═══ Data records

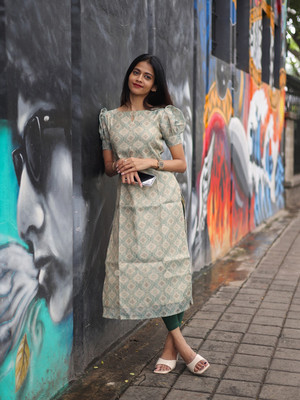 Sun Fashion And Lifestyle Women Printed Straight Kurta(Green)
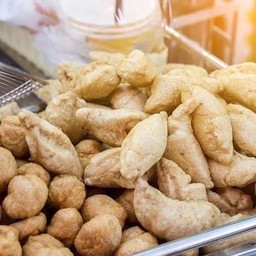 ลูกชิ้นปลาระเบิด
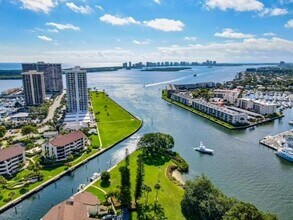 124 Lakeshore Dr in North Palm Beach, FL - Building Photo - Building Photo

══════
═══ Data records

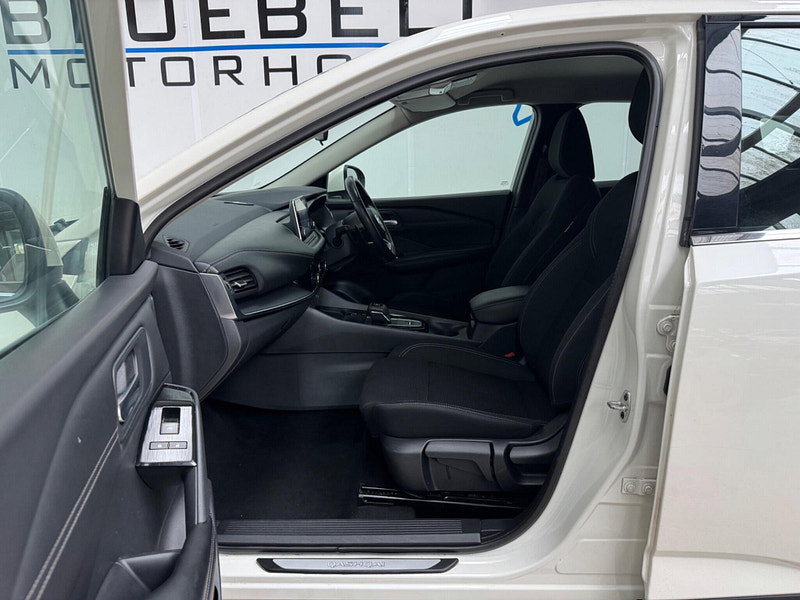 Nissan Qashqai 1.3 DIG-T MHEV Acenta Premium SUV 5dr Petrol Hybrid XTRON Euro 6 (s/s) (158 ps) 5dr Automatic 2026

══════
═══ Data records

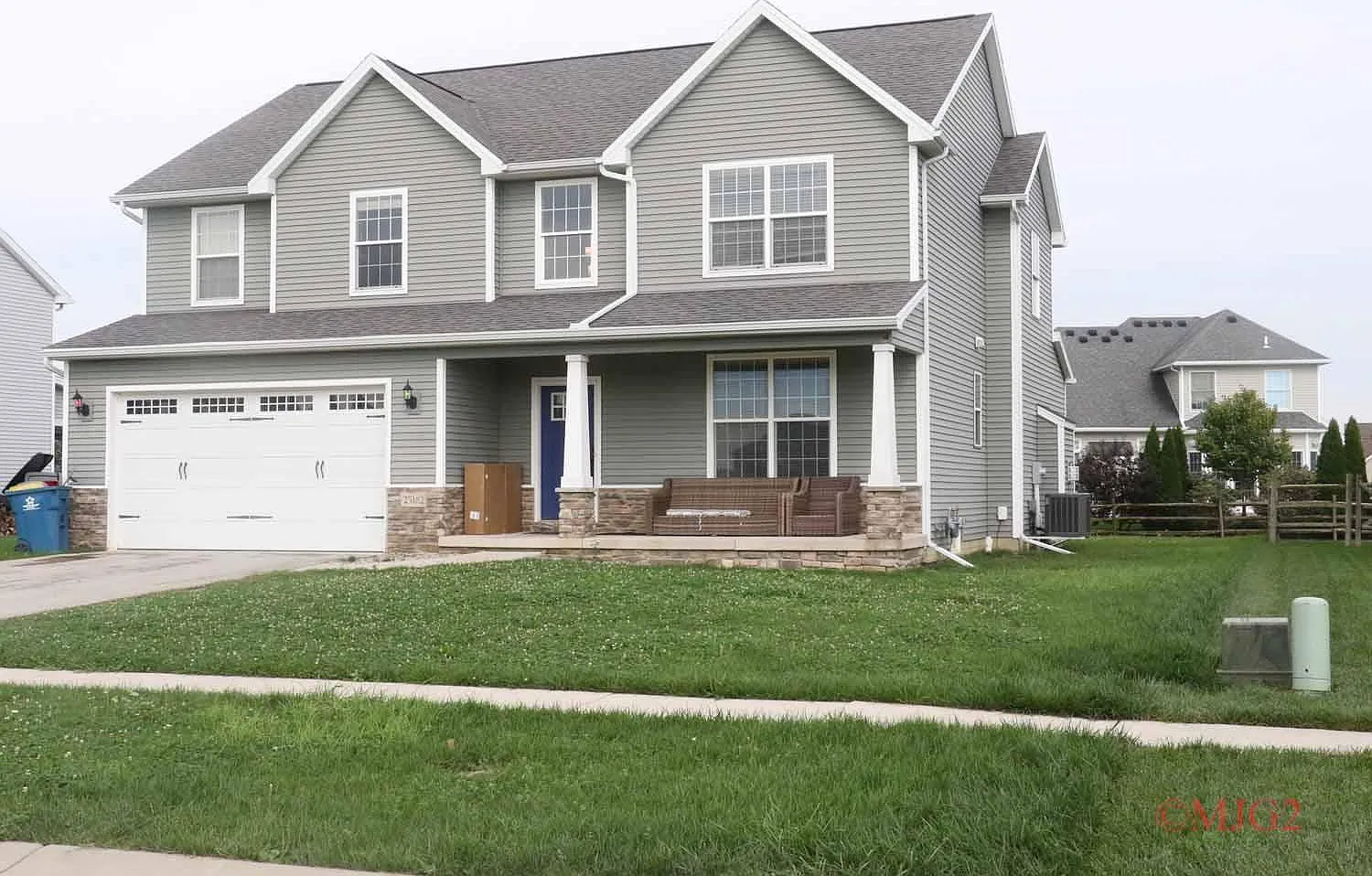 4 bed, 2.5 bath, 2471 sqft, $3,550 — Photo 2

══════

In the records above, everything from the line with "ลูกชิ้นปลาระเบิด" down to the line with "124 Lakeshore Dr" must be duplicated exactly, both lines kept. Leave no pictures in.

 ลูกชิ้นปลาระเบิด
 124 Lakeshore Dr in North Palm Beach, FL - Building Photo - Building Photo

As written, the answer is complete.